Lithuanian-Soviet athlete

Vytautas Mykolas Kalmantas (12 February 1932 – 18 July 2008) was a Lithuanian-Soviet foil fencer, handgun shooter, and electrical engineer who is credited for the invention of the semi-automatic core wrapping machine.

==Biography==
Vytautas Mykolas Kalmantas was born on 12 February 1932 in Kaunas to Mykolas Kalmantas and Vanda Kalmantienė (née Gintilaitė). From 1955 to 1960, he coached the Kaunas Polytechnic Institute athletes team. After graduating in 1960, Kalmantas was senior engineer of electric networks in Vilnius. From 1965 to 1970 he was a radio component factory constructor. From 1970 to 1978 Kalmantas headed a department of the Institute of Urban Construction and Design. From 1978 to 1989 he was one of the institute's senior managers, and from 1989 to 1992 was a designer of the Esta company.

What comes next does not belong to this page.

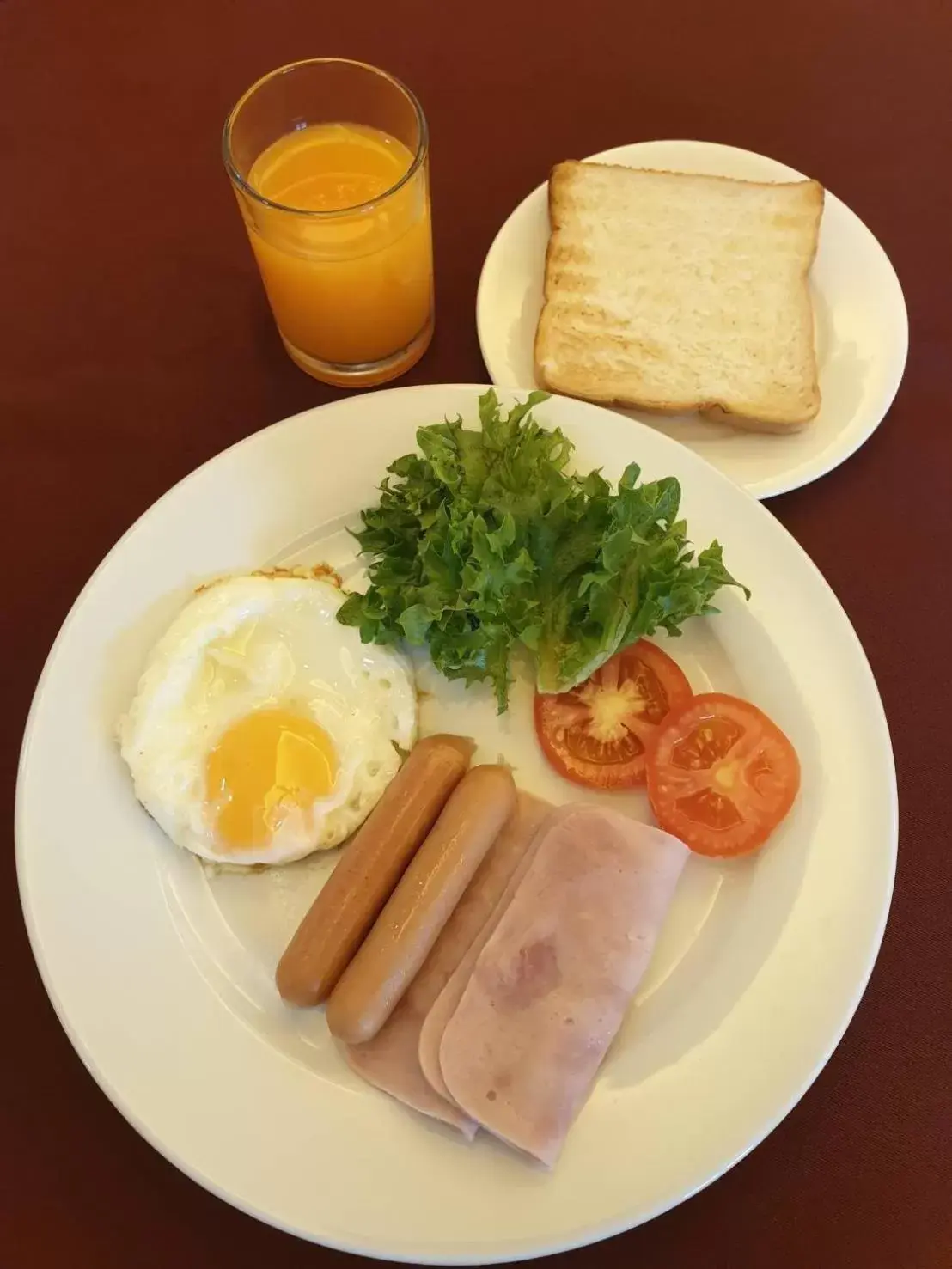 Breakfast in โรงแรมดับเบิ้ลดี ปากเกร็ด Double D hotel Breakfast in โรงแรมดับเบิ้ลดี ปากเกร็ด Double D hotel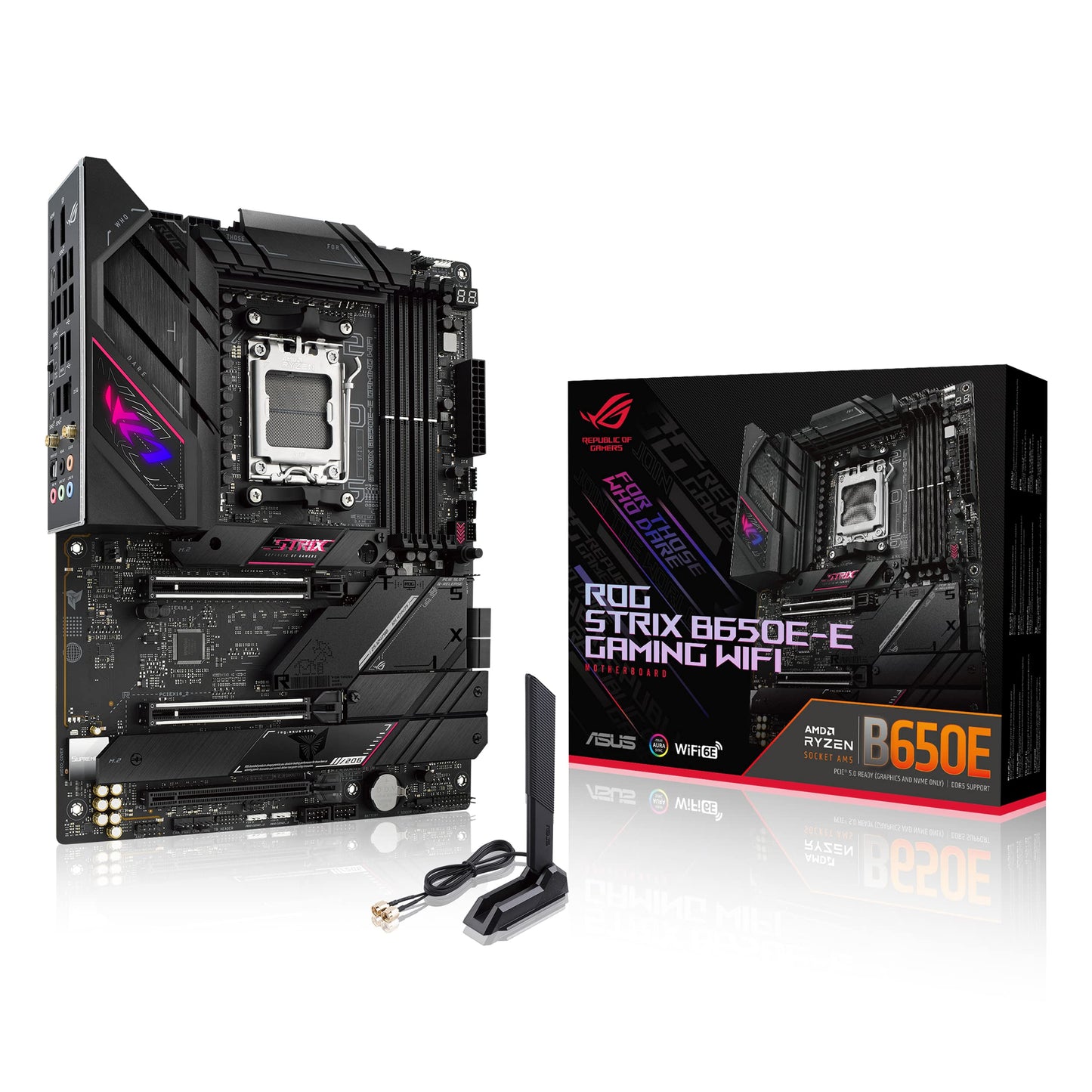 ASUS ROG Strix B650E-E Gaming WiFi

Kalmantas died on 18 July 2008 in Vilnius.

==Sports career==
Kalmantas was the recipient of many prizes for shooting sports and fencing from 1947 to 1970. He was awarded Master of Sport of the USSR for his performance in a fencing championship in 1958 and a shooting championship in 1968. In Lithuania, Kalmantas was a prominent shooter, being champion in 1953, and later holding a 25-meter distance shooting record in 1968 with a small caliber pistol, scoring 592 points out of 600. He also won a shooting championship in 1957. Kalmantas achieved third place in a 1951 USSR javelin junior championship. Kalmantas was foil individual champion in 1956, 1958, and 1960; team champion in 1956, 1957, 1958, and 1971; individual champion of a Spartakiad hosted for countries of the Baltic region in 1957 and 1966, and team champion in 1957. He also achieved seventh place in the 1956 foil Spartakiad, second place in a 1957 USSR championship, and first place in a students' championship in 1960. In 1966 Kalmantas became a fencing judge of "international category". He refereed fencing in the 1980 Summer Olympics, and was the general secretary of the Lithuanian Fencing Federation.

Kalmantas's first coach was Juozas Ūdras. Famous students of Kalmantas include Stasys Šaparnis, Jurijus Moskvičiovas, and Simas Žekonis.